### Records for processing

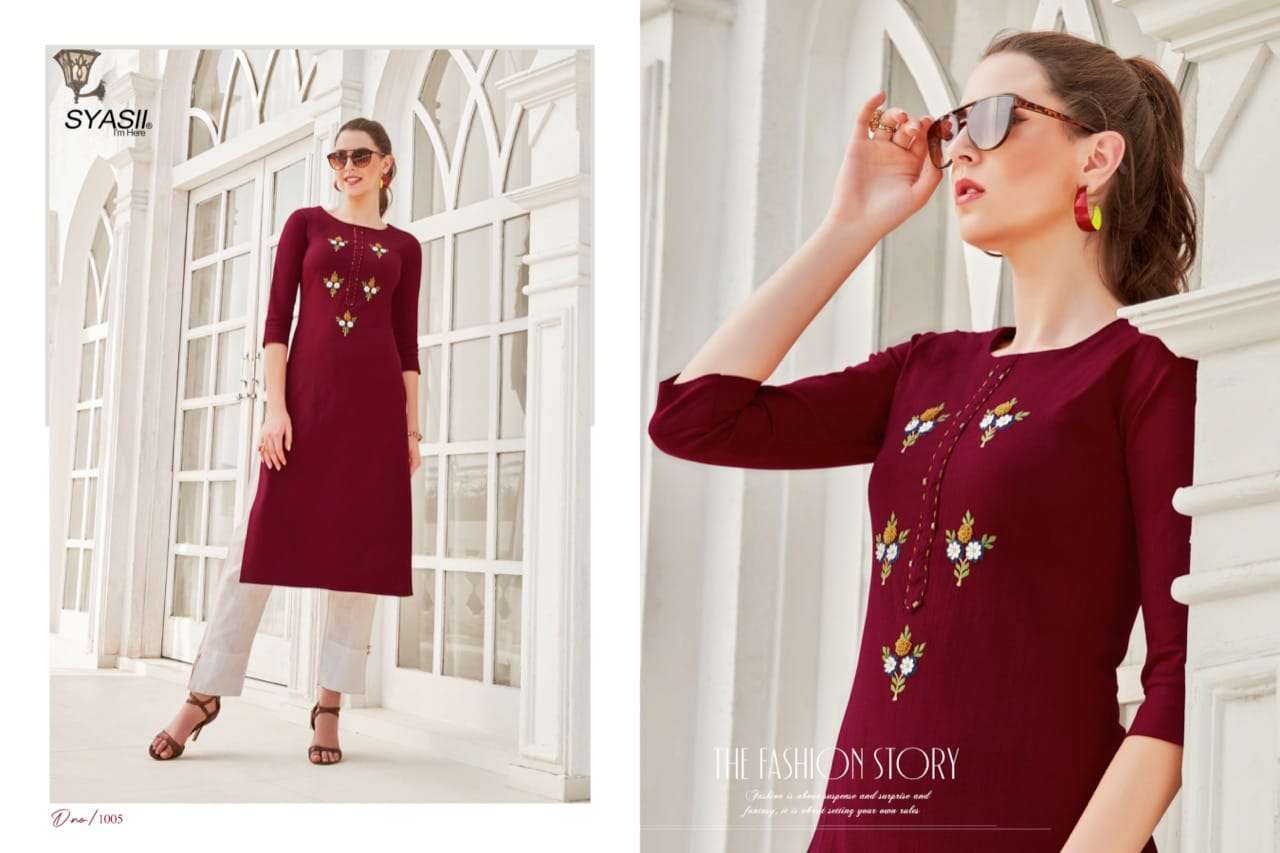 ANCY BY SYASII 1001 TO 1006 SERIES DESIGNER STYLISH FANCY COLORFUL BEAUTIFUL PARTY WEAR & ETHNIC WEAR COLLECTION RAYON SLUB LYCRA KURTIS AT WHOLESALE PRICE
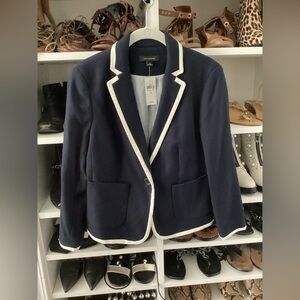 Ann Taylor Navy Blazer with Cream Trim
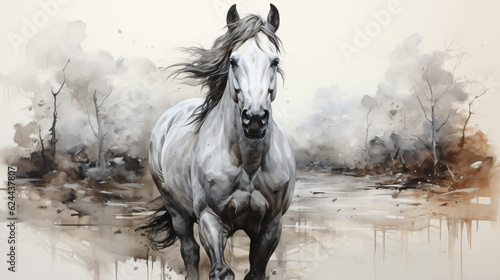 gray horse on white background painting like  photo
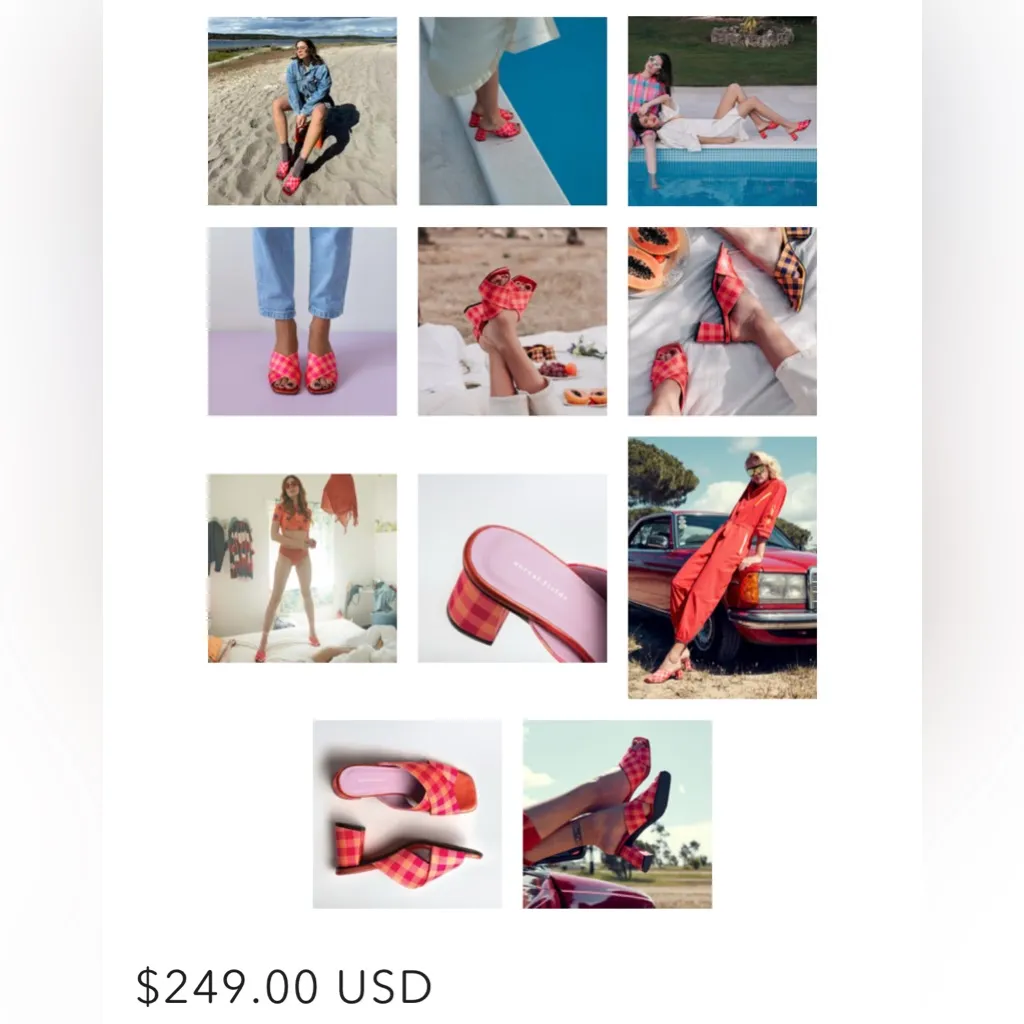 Unreal Fields MADGE FUCHSIA/ORANGE SANDALS square toe block heel Y2K 40 size 9 Orange - Image 16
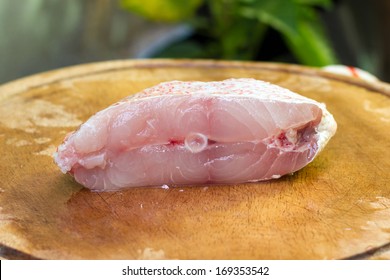 Red Snapper Fish Fillet On Wood Block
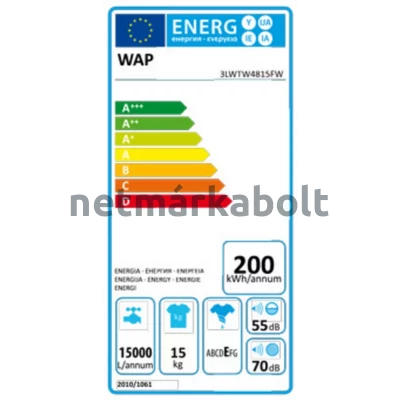 Whirlpool 3LWTW4815FW félprofesszionális felültöltős mosógép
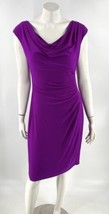 Lauren Ralph Lauren Dress Sz 10 Vibrant Purple Shirred Cap Sleeve Stretc... - £31.15 GBP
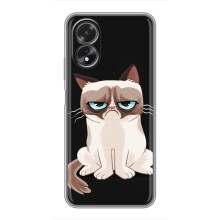 Чехол с принтом для Oppo A18 (AlphaPrint) Модные коты (Грустный кот)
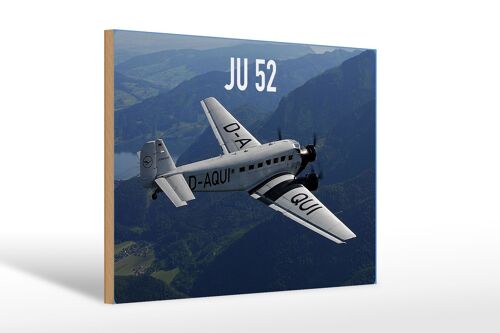 Holzschild Flugzeug 30x20cm JU 52 in der Luft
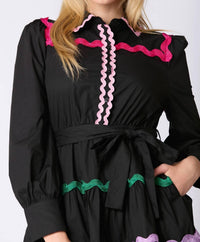 Peach Love - Multi Color Ricrac Trim Dress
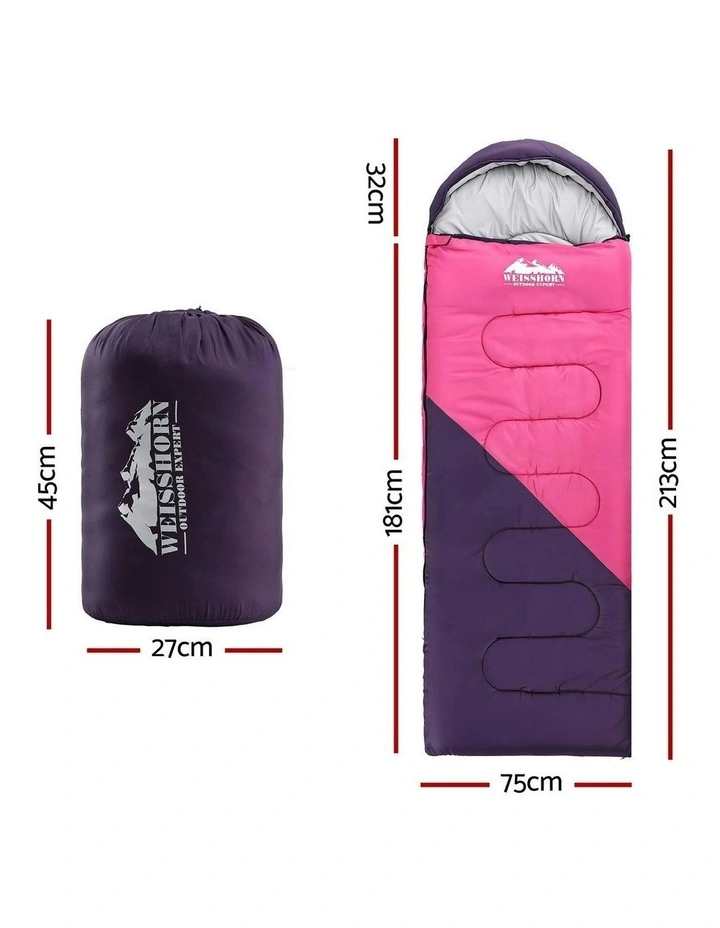 Thermal Camping Hiking Sleeping Bag  Single 213cm in Pink image 4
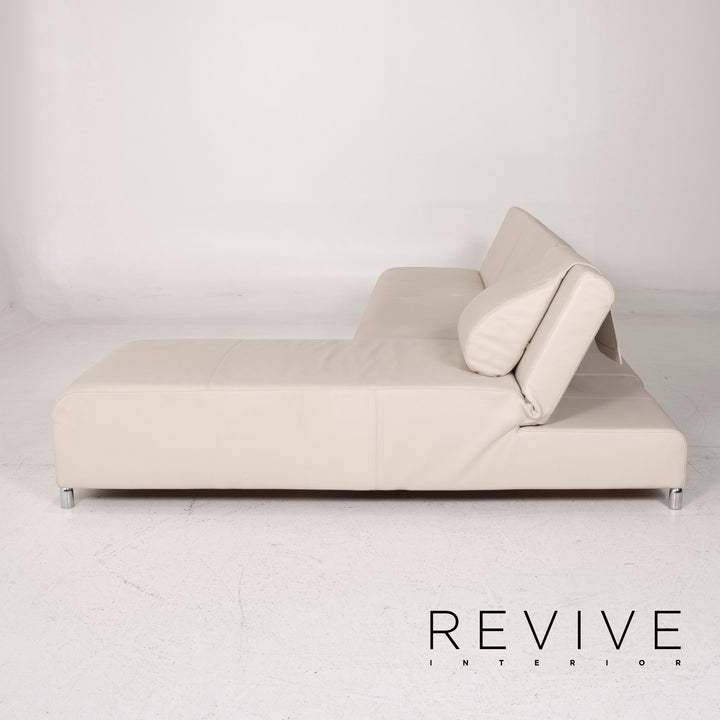 Cor Leder Sofa Creme Ecksofa inkl. Hocker #14844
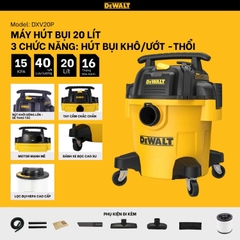 Máy hút bụi 3 chức năng 20L Dewalt DXV20P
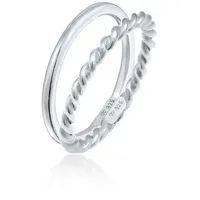 Elli Elli Ring Basic Twisted 2er Set 925 Silber Ringe Damen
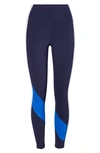 Tory Sport By Tory Burch Weightless Colorblock High Waist Leggings In Tory Navy/ Surf Blue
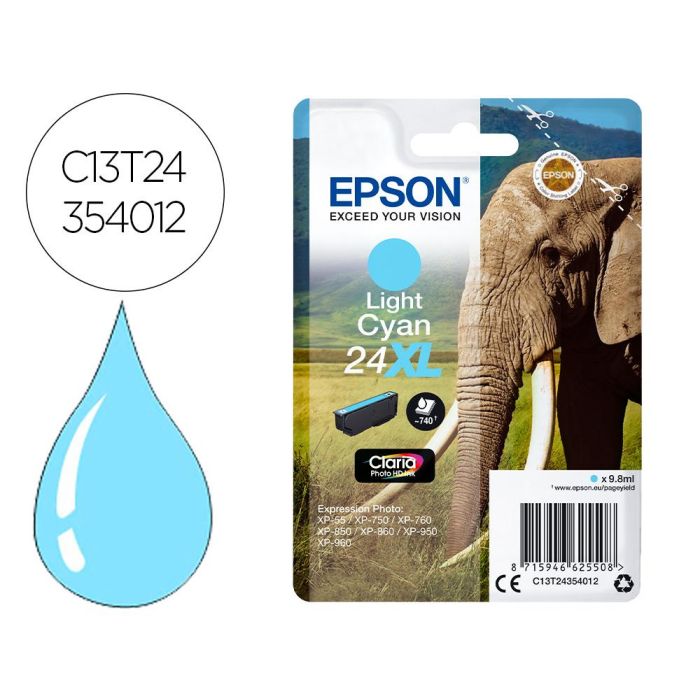 Ink-Jet Epson Claria Photo Hd Ink Cian Claro 24XL Expression Photo Xp-950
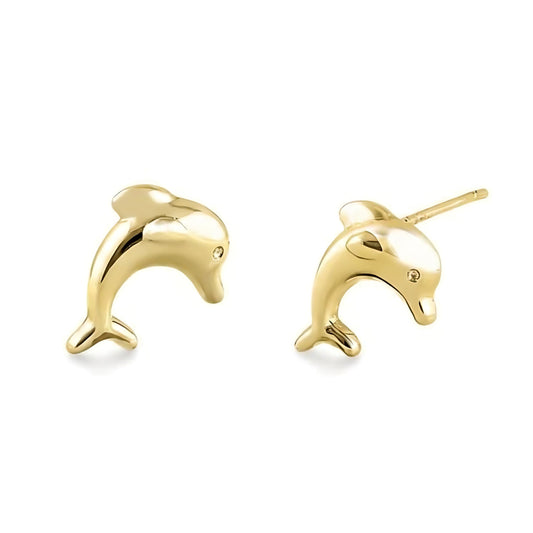 Vinali 14K Yellow Gold Polished Dolphin Stud Earrings for Women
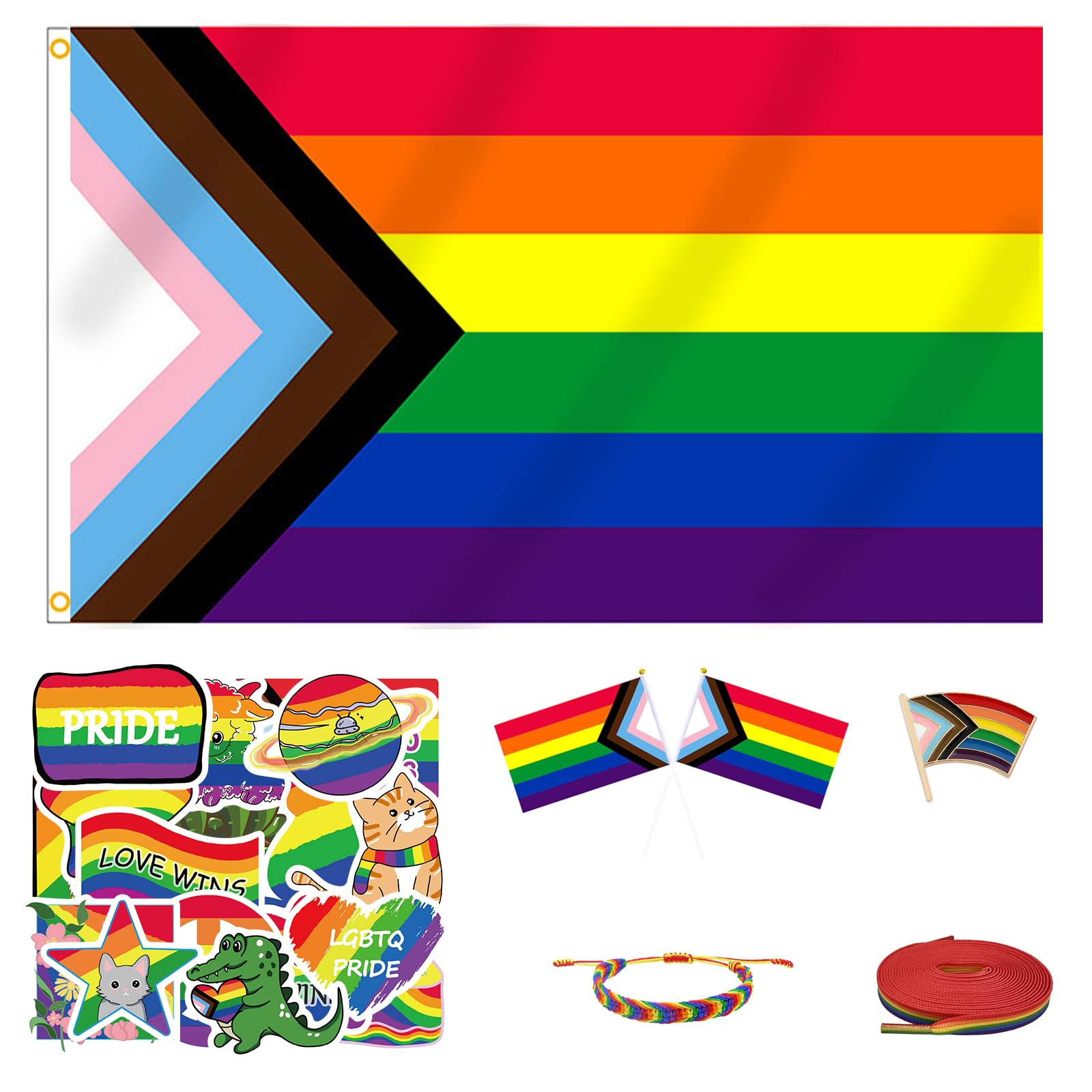 MEPLUM 3x5 FT Rainbow Progress Pride Flag Bundle for LGBTQ+ Accessories Present Celebration Parades Home Decor Party Supplies Festivals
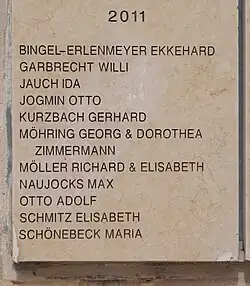 Gedenkstätte Yad Vashem, Israel – Wall of Honor im Garten der Gerechten unter den Völkern. Ausschnitt der Platte des Jahres 2011 mit den Geehrten aus Deutschland, darunter Elisabeth Schmitz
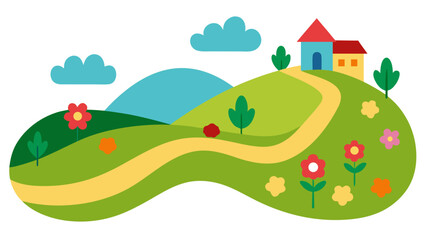 Obraz premium Charming cartoon landscape with rolling hills flowers trees and houses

######

* Assigned task *
Produce an exact copy of the lines from the line containing "Ink-Jet Epson Claria" to the end of the material, both ends included, and omit every picture.

* Response to this task *
 Ink-Jet Epson Claria Photo Hd Ink Cian Claro 24XL Expression Photo Xp-950
 Vinali 14K Yellow Gold Polished Dolphin Stud Earrings for Women
 MEPLUM 3x5 FT Rainbow Progress Pride Flag Bundle for LGBTQ+ Accessories Present Celebration Parades Home Decor Party Supplies Festivals
 Gedenkstätte Yad Vashem, Israel – Wall of Honor im Garten der Gerechten unter den Völkern. Ausschnitt der Platte des Jahres 2011 mit den Geehrten aus Deutschland, darunter Elisabeth Schmitz
 Obraz premium Charming cartoon landscape with rolling hills flowers trees and houses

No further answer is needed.